In deze zaak heeft de Rechtbank Midden-Nederland op 22 juli 2024 uitspraak gedaan in een bestuursrechtelijke procedure tussen een eiser en de algemeen directeur van het Centraal Bureau Rijvaardigheidsbewijzen (CBR). De eiser, vertegenwoordigd door mr. R.S. Pot, had beroep ingesteld tegen een besluit van het CBR waarin hij voor de rijbewijscategorie B rijgeschikt was verklaard voor een termijn van één jaar. Dit besluit was gebaseerd op een rijtest die door een B-examinator was uitgevoerd. Eiser stelde dat het deskundigenrapport inhoudelijk tegenstrijdig en niet concludent was, en dat het CBR zijn besluitvorming niet op dit rapport had mogen baseren.
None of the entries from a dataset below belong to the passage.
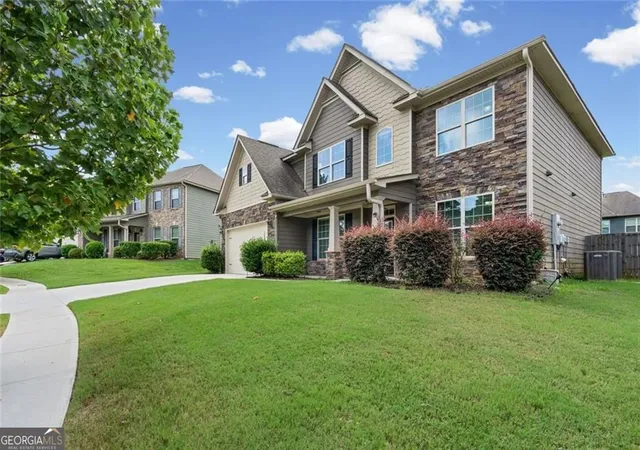 Photo 2 of Single family home for sale at 1125 Acorn Oak Dr, Lawrenceville, GA 30045 | MLS# 10823114 | Listing updated on 2026-09-10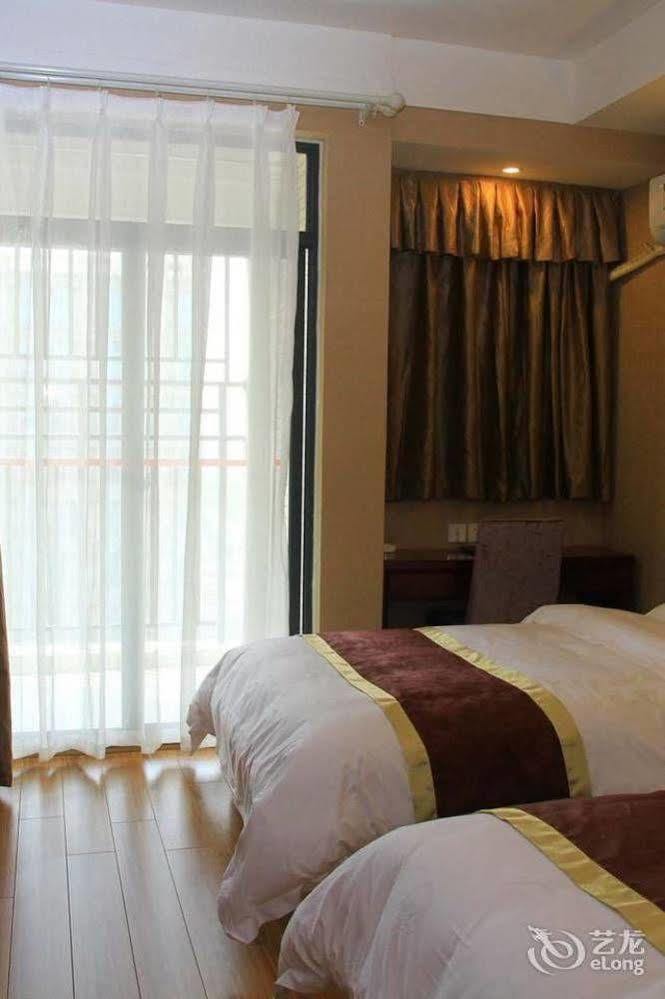Helun Hotel Chengdu Esterno foto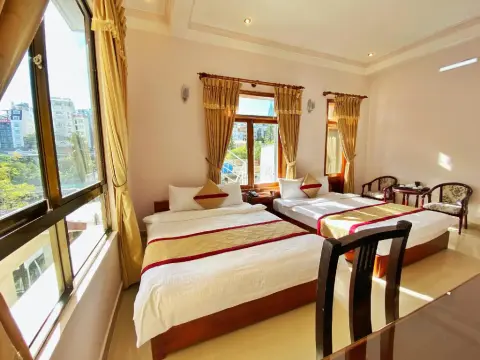 Gold Night Hotel - Photo 3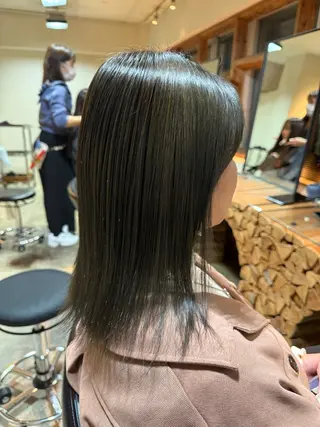 セミロング 須藤　優真 切りっぱなしボブのヘアスタイル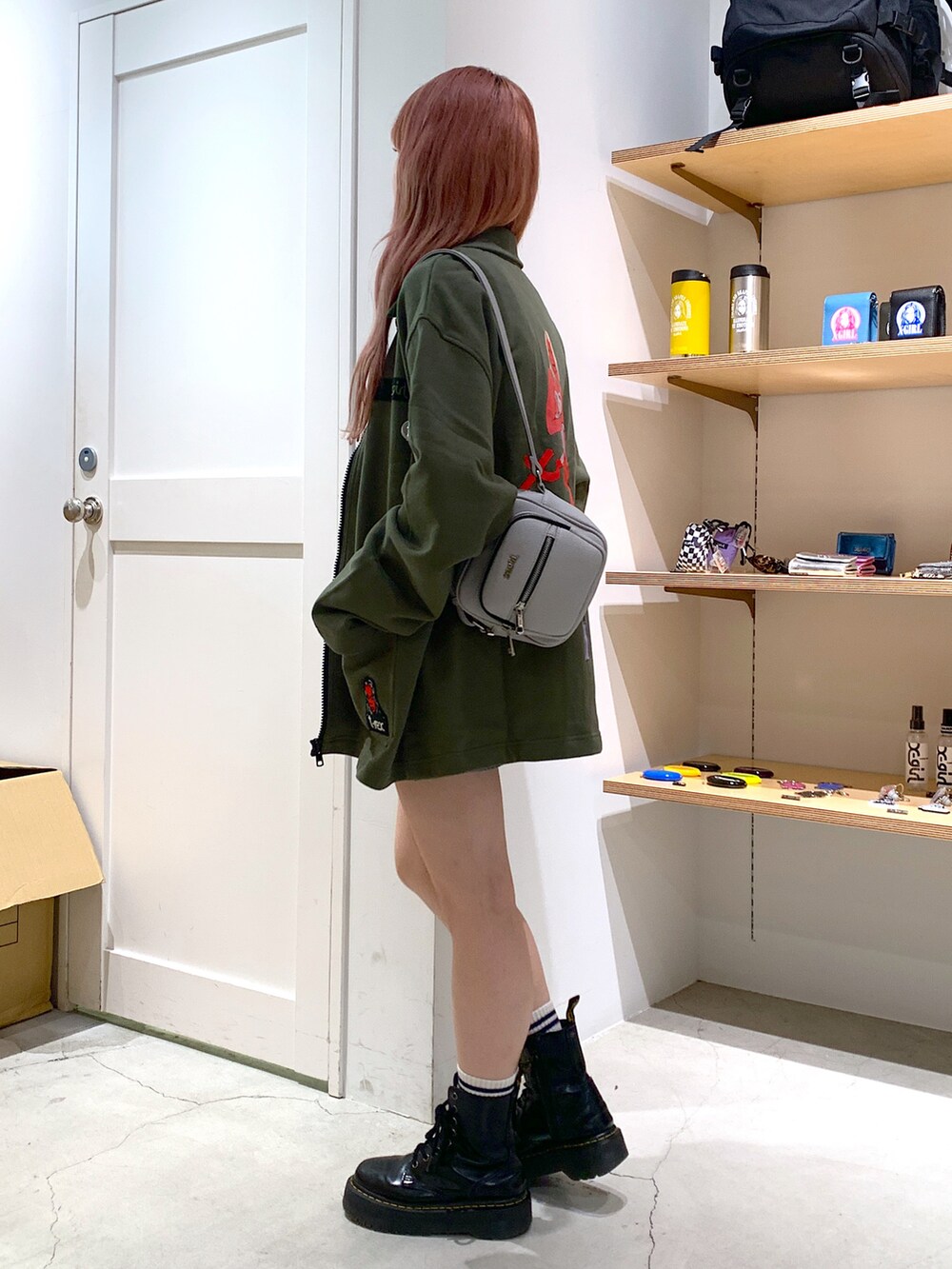 「エックスガール、x-girl、X-girl _ootd、x-girl_ootd、スウェットジャケット、コラボアイテム、夏コーデ、秋コーデ、デニムスカート、スカート、タンクトップ」｜「X-girlのX-girl × T-REX SWEAT JACKET（ブルゾン、グリーン系）」を使った、古内 麻衣さん（レディース・157cm）の夏コーディネートの2枚目の写真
De rechtbank heeft in een eerdere tussenuitspraak van 8 mei 2024 het CBR de gelegenheid gegeven om het geconstateerde gebrek in het bestreden besluit te herstellen. Na indiening van een aanvullende motivering door het CBR, heeft de rechtbank vastgesteld dat de rijtest in een automaat had plaatsgevonden en dat de nadere toelichting van de B-examinator nu niet langer innerlijk tegenstrijdig was. De rechtbank oordeelde dat het CBR het gebrek had hersteld, maar dat het beroep van eiser gegrond was, omdat het oorspronkelijke besluit vernietigd werd.
De rechtbank heeft de rechtsgevolgen van het vernietigde besluit in stand gelaten, wat betekent dat de termijnbeperking van één jaar blijft gelden. Eiser heeft recht op vergoeding van de proceskosten en het door hem betaalde griffierecht. De rechtbank heeft de proceskosten vastgesteld op € 2.187,50 en het griffierecht op € 184,-. De uitspraak is openbaar uitgesproken en een afschrift is verzonden aan de betrokken partijen.